Daha sonra platformu dik optik konfigürasyon ve motorlu bir sahne ile Raman spektrofotometreye aktarın ve uygun görüntüleme parametreleri altında karnı görüntüleyin. Bu Raman tarar için odak düzlemi vissera çoğu yüzeyinde olması çok önemlidir. Eğer organlar düzlem dışı ysa, elde edilen sinyal işe yaramaz.
Kalite kontrol amacıyla nano tanecikleri sentez işlemi sırasında iletim elektron mikroskobu, dinamik ışık saçılımı, nanopartikül izleme analizi ve ultraviyole görünür emici spektroskopi gibi çeşitli yöntemler kullanılarak karakterize edilebilir. Raman ölçümleri sentez boyunca nanopartikülher lezzet benzersiz spektrumvarlığını ortaya koymaktadır. Tipik reaksiyon verimleri ve konsantrasyonları yıkama adımları sırasında pipetleme tekniğine bağlıdır.

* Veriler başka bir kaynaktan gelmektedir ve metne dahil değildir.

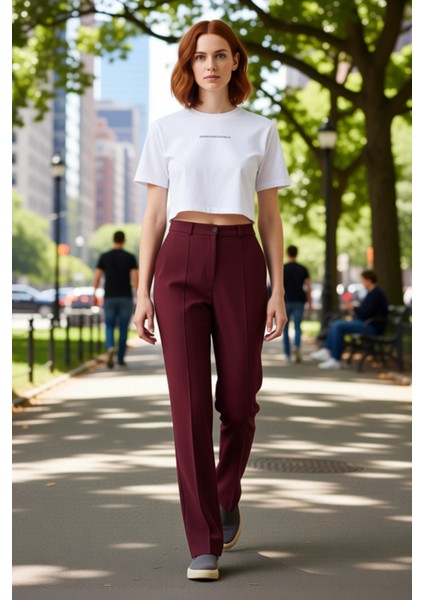 Kadın Düz Kesim Yüksek Bel Dokuma Pantolon Nervür Detaylı Fonksiyonel Dayanıklı Kaliteli Şık fiyatları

Raman spektrumları floresan kaldırmak için işlenebilir ve klasik en az kareler uygulamadan önce sinyal gücünü telafi etmek için birim alana normalleştirilmiş. Her nanoprob referans spektrumundaki klasik en küçük kareli skorlar tümörlerin belirli yerlerini tek tek vermese de, nokta-bilge oranlar yaygın mikroskobik yayılımın varlığını ortaya koymaktadır. Bu yordamı çalışırken nano tanecikleri kalitesi kuvvetle nihai sonuçları etkiler gibi sentezin her adımında nano tanecikleri doğrulamak için hatırlamak önemlidir.
Bu teknik, araştırmacıların hayvan modellerinde tümöre bağlı belirteçlerin ve yüksek derecede mikroskobik hassasiyete sahip hasta dokularının saptanması için SERRS nanoprobuklarını kullanma potansiyelini göstermektedir.